3
votes

I am trying to print out this table with xtable(), which is reproduced below:

                   X            B.1            B.2            B.3
1        (Intercept) -1.669 (0.093) -1.701 (0.094) -1.774 (0.121)
2          SEXFemale  -0.46 (0.023)  -0.386 (0.04)  -0.274 (0.17)
3    SEXFemale:BLACK                                0.132 (0.163)
4    SEXFemale:ASIAN                               -0.063 (0.089)
5 SEXFemale:HISPANIC                               -0.128 (0.074)

But I would like to override the way the first column is printed. Is it possible to include latex commands in xtable() or some other function to do this? Specifically, I would like the first column to be :

    X
Male: Female
Female X Black
       X Asian
       X Hispanic

i.e. I would like to write a \phantom{} switch into the column so that the spacing comes out right.

2
You should ask this on tex.stackexchange.com insteadGiel
This is possible with print.xtable(..., print.results = FALSE) and then using regular expressions to find the second column and inserting your \phantom{} call.
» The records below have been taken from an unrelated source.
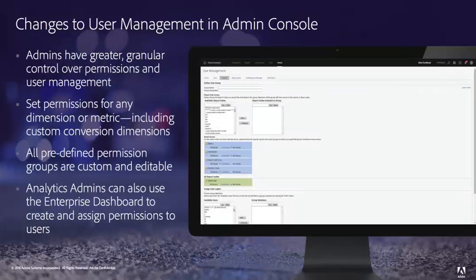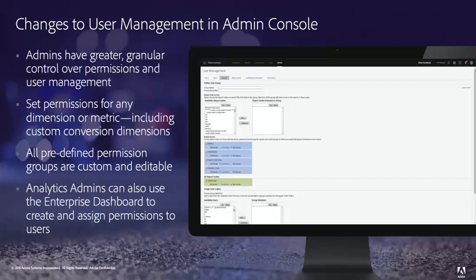Last but certainly not least, we will be improving permissions in Adobe Analytics so that you will be able to do things like set permissions on custom conversion variables, any dimension, any tool or feature in Adobe Analytics. We are also preparing to allow you to manage users more effectively across all of the Adobe Clouds, the Marketing Cloud, the Creative Cloud and the Document Cloud in one place so that you can better manage access to all of these different tools. And that is coming soon.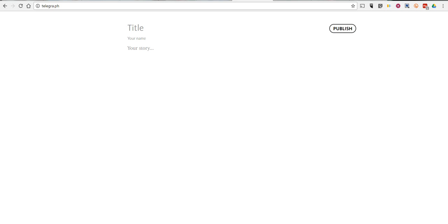Hi, this is Richard Byrne. In this video, we're going to take a look at Telegraph, which is a very simple tool for publishing a multimedia story online. It's not a blog, it's just a story publishing platform. You don't need an email address or any kind of login in order to use Telegraph.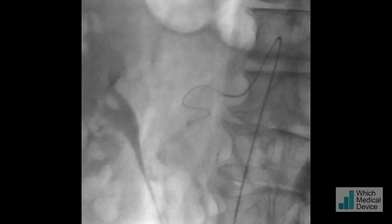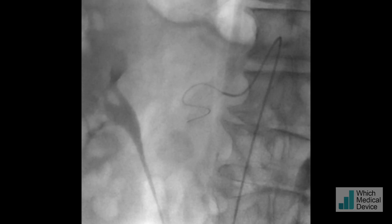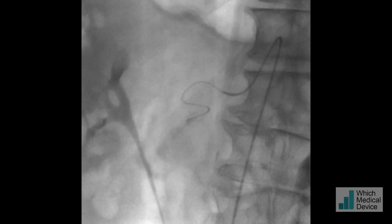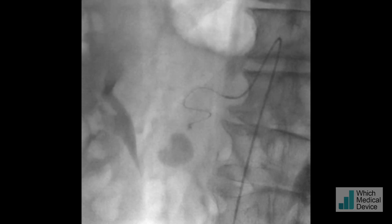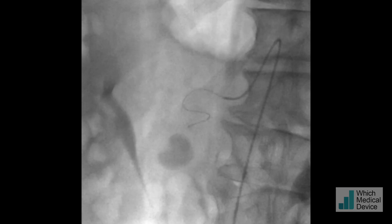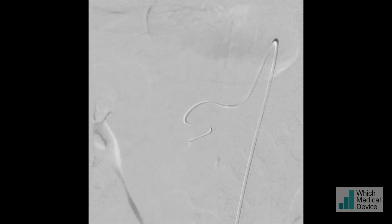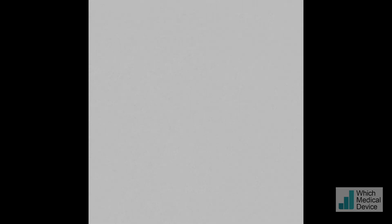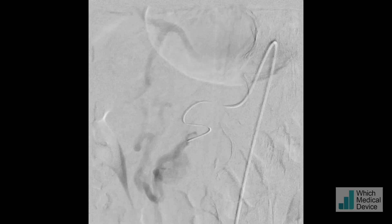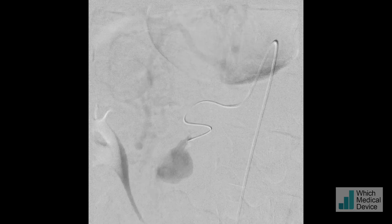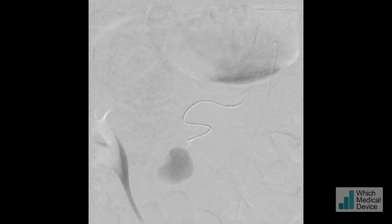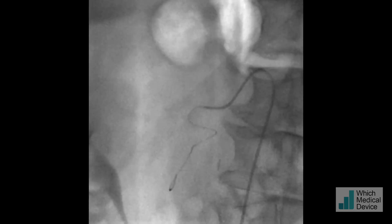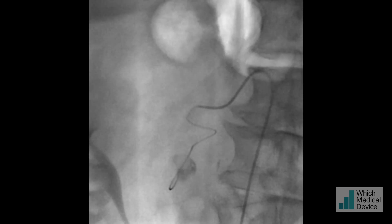I've now got a 2-French Progreat catheter into that vessel, injecting contrast. Again you can see the pseudoaneurysm filling, but it's not entirely clear where it's filling from — it's probably a tiny branch vessel coming off this. You can't occlude this front and back door because of course you'd occlude the flow to the liver.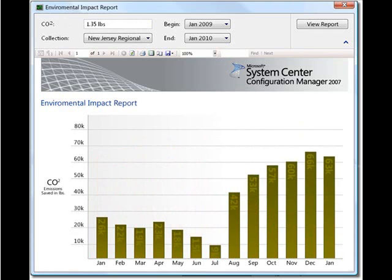And then finally, we have the ability to do things like environmental impact reports. That same time frame, January through to July, before power management policies were in place, things like our CO2 emissions were not that great. But once the power policy was applied, we began to save increasing amounts of CO2 emissions, and that increased over the period of time as we tweaked and improved our power management policies within the organization.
I gotta run now, but I may post a solution later.Roman Luštrik
Would appreciate that, Roman. Thanks in advance.user702432
Perhaps you could split the X column into two columns and use ftable for producing a table and memisc::toLatex to create Latex output for it?ROLO

2 Answers

2
votes

You can use a regular expression to insert the \phantom{} into your table before calling xtable():

Recreate your data:

x <- structure(list(X = structure(c(1L, 2L, 4L, 3L, 5L), .Label = c("(Intercept)", 
                                                                    "SEXFemale", "SEXFemale:ASIAN", "SEXFemale:BLACK", "SEXFemale:HISPANIC"
), class = "factor"), B.1 = structure(c(3L, 2L, 1L, 1L, 1L), .Label = c("", 
                                                                        "-0.46 (0.023)", "-1.669 (0.093)"), class = "factor"), B.2 = structure(c(3L, 
                                                                                                                                                 2L, 1L, 1L, 1L), .Label = c("", "-0.386 (0.04)", "-1.701 (0.094)"
                                                                                                                                                 ), class = "factor"), B.3 = structure(c(4L, 3L, 5L, 1L, 2L), .Label = c("-0.063 (0.089)", 
                                                                                                                                                                                                                         "-0.128 (0.074)", "-0.274 (0.17)", "-1.774 (0.121)", "0.132 (0.163)"
                                                                                                                                                 ), class = "factor")), .Names = c("X", "B.1", "B.2", "B.3"), class = "data.frame", row.names = c(NA, 
                                                                                                                                                                                                                                                  -5L))

The regex:

x$X <- gsub("SEXFemale:", "\\\\phantom{Female} X ", x$X)
x$X <- gsub("SEXFemale", "Female", x$X)


library(xtable)
xx <- print(xtable(x), print.results = FALSE, include.rownames = FALSE,
        sanitize.text.function=function(x)x)
cat(xx)

The resulting text:

% latex table generated in R 2.15.0 by xtable 1.7-0 package
% Thu Jul 26 17:10:05 2012
\begin{table}[ht]
\begin{center}
\begin{tabular}{llll}
  \hline
X & B.1 & B.2 & B.3 \\ 
  \hline
(Intercept) & -1.669 (0.093) & -1.701 (0.094) & -1.774 (0.121) \\ 
  Female & -0.46 (0.023) & -0.386 (0.04) & -0.274 (0.17) \\ 
  \phantom{Female} X BLACK &  &  & 0.132 (0.163) \\ 
  \phantom{Female} X ASIAN &  &  & -0.063 (0.089) \\ 
  \phantom{Female} X HISPANIC &  &  & -0.128 (0.074) \\ 
   \hline
\end{tabular}
\end{center}
\end{table}

And the final output:

enter image description here

0
votes

Ok here's one way of doing this.

# dummy example to get ANOVA table
ctl <- c(4.17,5.58,5.18,6.11,4.50,4.61,5.17,4.53,5.33,5.14)
trt <- c(4.81,4.17,4.41,3.59,5.87,3.83,6.03,4.89,4.32,4.69)
group <- gl(2,10,20, labels=c("Ctl","Trt"))
weight <- c(ctl, trt)
lm.D9 <- lm(weight ~ group)

# print xtable into a character
x <- print(xtable(lm.D9), print.results = FALSE)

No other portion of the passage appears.